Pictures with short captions
[Start of section]

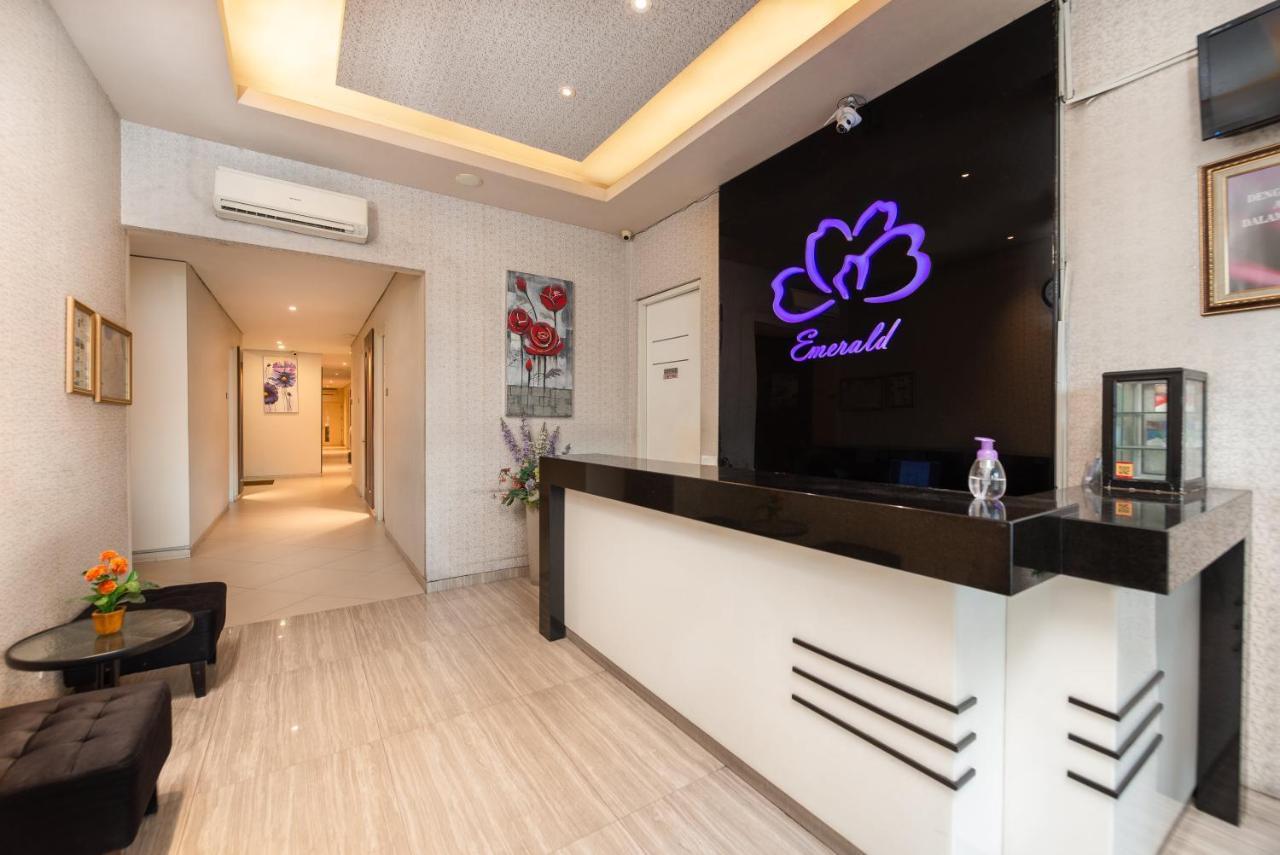 Life Emerald Hotel Surabaya Exterior photo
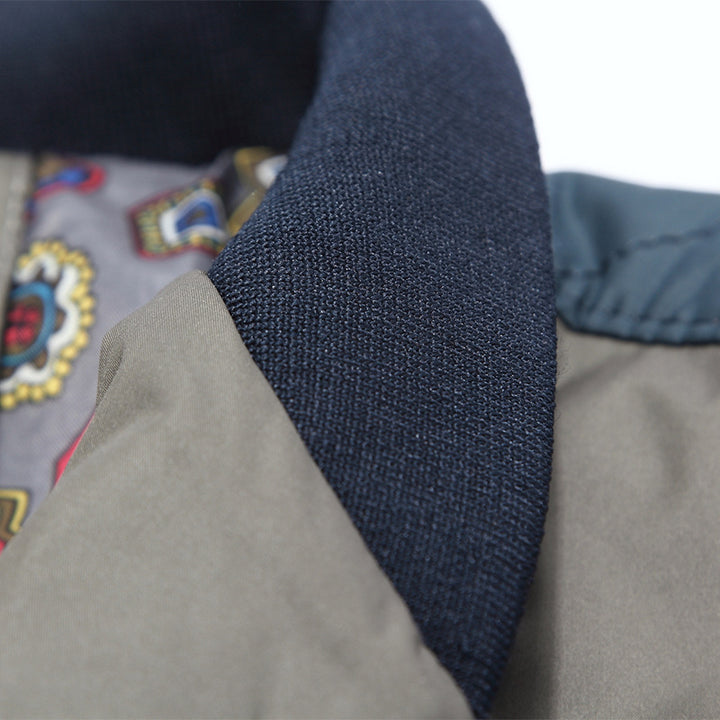 Herren Übergangsjacke mit Stehkragen und gemustertem Innenfutter – Taviero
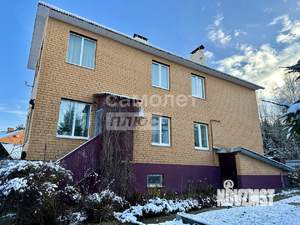 Дом 351м&sup2;, 3-этажный, участок 12 сот.  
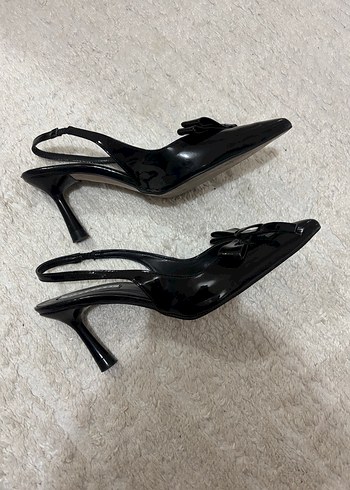 Siyah Fiyonklu Stiletto Topuklu Kadın Ayakkabı - Görsel 6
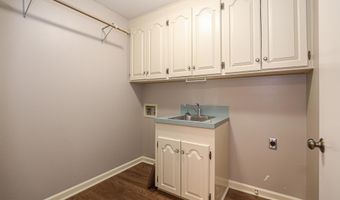 521 W CROSS St, Benton, AR 72015
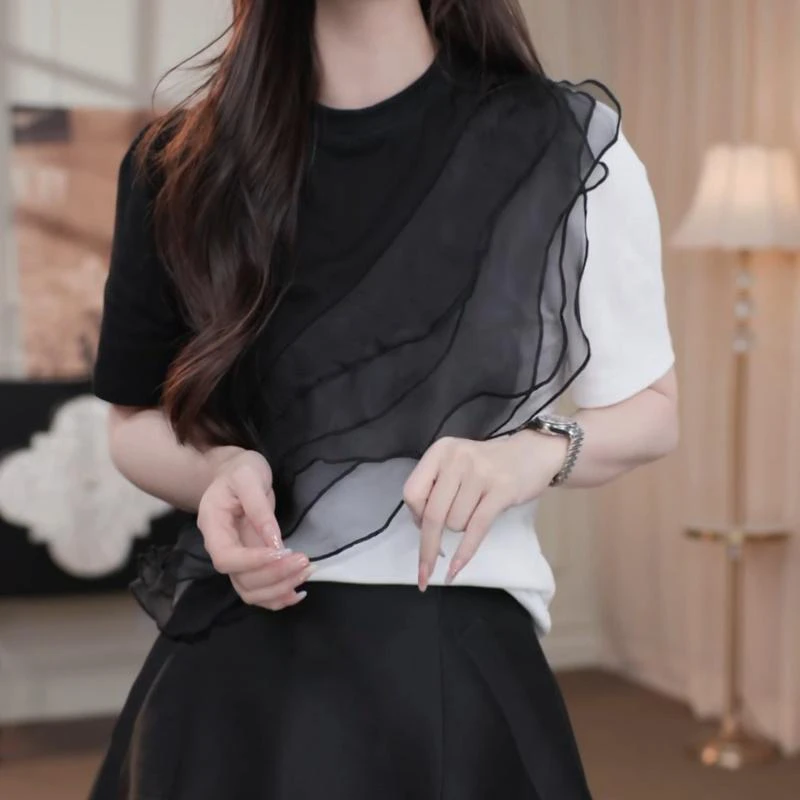 2025年夏季新款黑白撞色T恤上衣时尚设计感女装通勤韩系气质个性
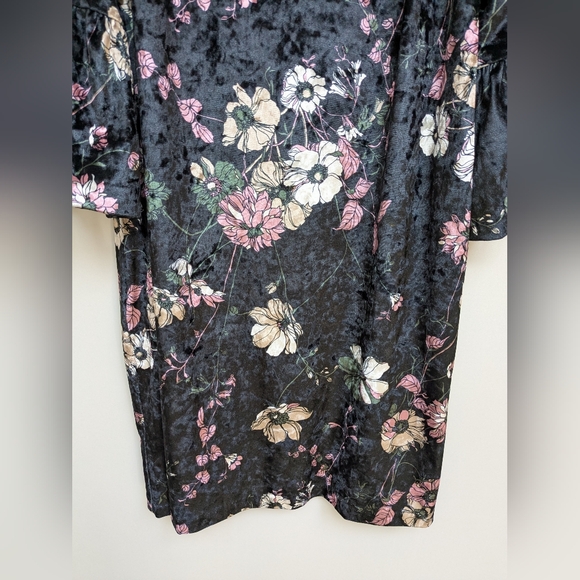 Chico's Black Floral Velvet Bell Sleeves Midi Shift Dress Size 3 (US 16/18) - Picture 7 of 13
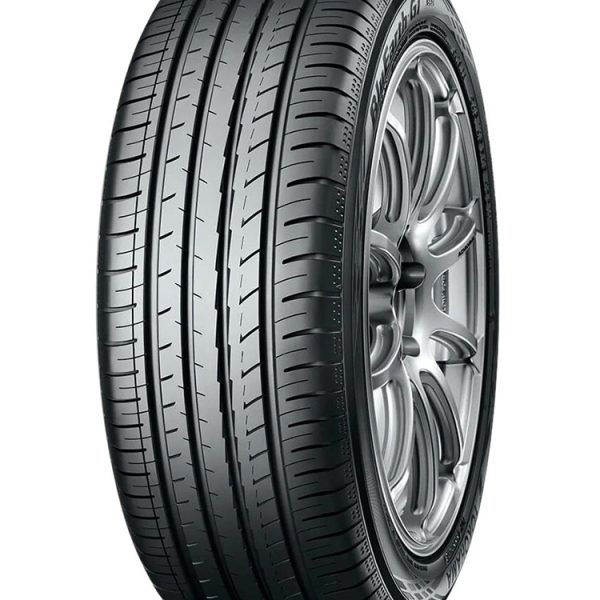 225/45R18 YOKOHAMA BluEarth-GT AE51H 91 V
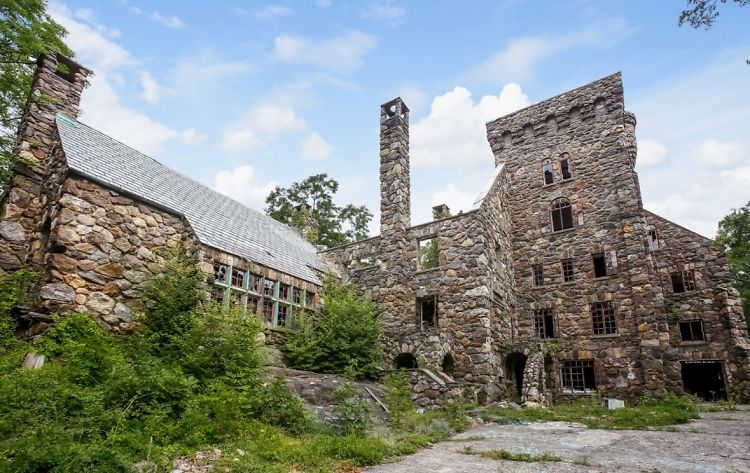buying abandoned castle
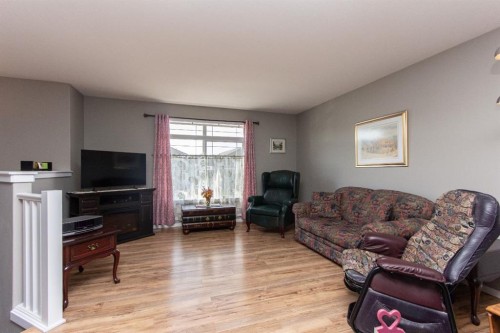 146 Truant Crescent, Red Deer, AB - Indoor Photo Showing Living Room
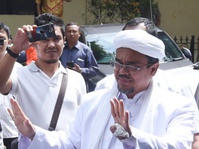 Kak Emma Penuhi Panggilan Polisi Terkait Kasus Rizieq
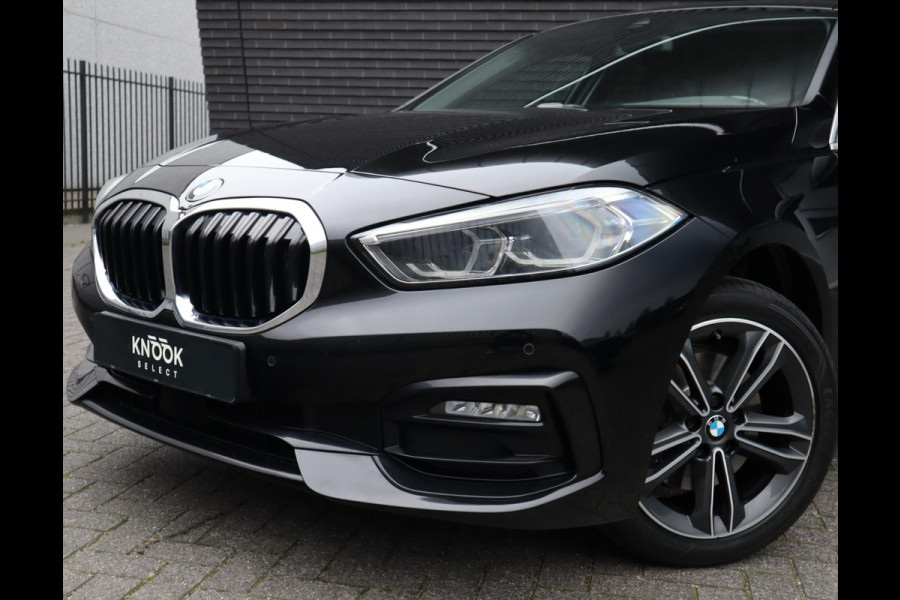 BMW 1-serie 118i Executive Sport Line Automaat / LED / 17 Inch / HiFi / Sportstoelen / Parkeersensoren voor+achter / Live Cockpit Plus /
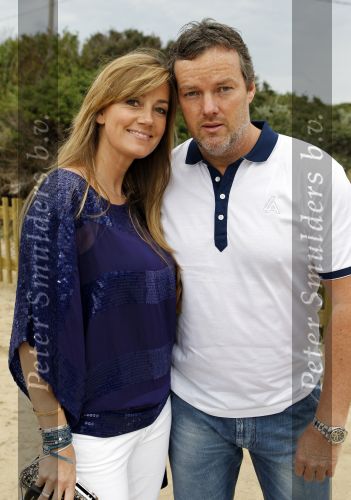 Ibiza 4 mei 2010
Sergio Herman en Ellemieke Vermolen vieren de 40e verjaardag van Sergio met vrienden op het strand bij El Chirinquito. Moon Verkaart met vriend
Peter Smulders bv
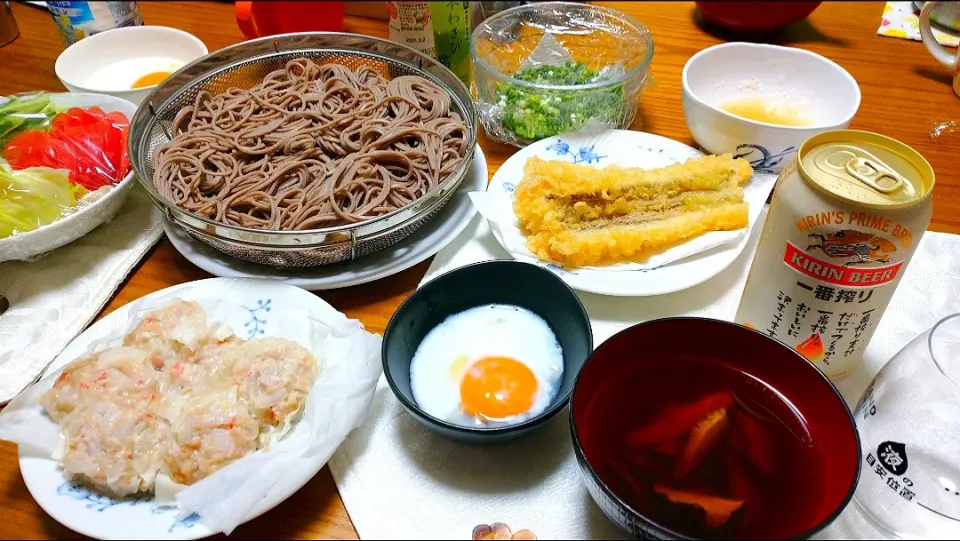 4/30の夕食🌃🍴
ざるそば&穴子の天ぷら|卯月さん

[End of section]

[Task directions]: All the records above must be retyped exactly, except for their pictures.

[Solved exercise]:
 Life Emerald Hotel Surabaya Exterior photo
 Herren Übergangsjacke mit Stehkragen und gemustertem Innenfutter – Taviero
 Дом 351м&sup2;, 3-этажный, участок 12 сот.  
 Siyah Fiyonklu Stiletto Topuklu Kadın Ayakkabı - Görsel 6
 521 W CROSS St, Benton, AR 72015
 2025年夏季新款黑白撞色T恤上衣时尚设计感女装通勤韩系气质个性
 Chico's Black Floral Velvet Bell Sleeves Midi Shift Dress Size 3 (US 16/18) - Picture 7 of 13
 225/45R18 YOKOHAMA BluEarth-GT AE51H 91 V
buying abandoned castle
 146 Truant Crescent, Red Deer, AB - Indoor Photo Showing Living Room
 Kak Emma Penuhi Panggilan Polisi Terkait Kasus Rizieq
 BMW 1-serie 118i Executive Sport Line Automaat / LED / 17 Inch / HiFi / Sportstoelen / Parkeersensoren voor+achter / Live Cockpit Plus /
 Ibiza 4 mei 2010
Sergio Herman en Ellemieke Vermolen vieren de 40e verjaardag van Sergio met vrienden op het strand bij El Chirinquito. Moon Verkaart met vriend
Peter Smulders bv
 4/30の夕食🌃🍴
ざるそば&穴子の天ぷら|卯月さん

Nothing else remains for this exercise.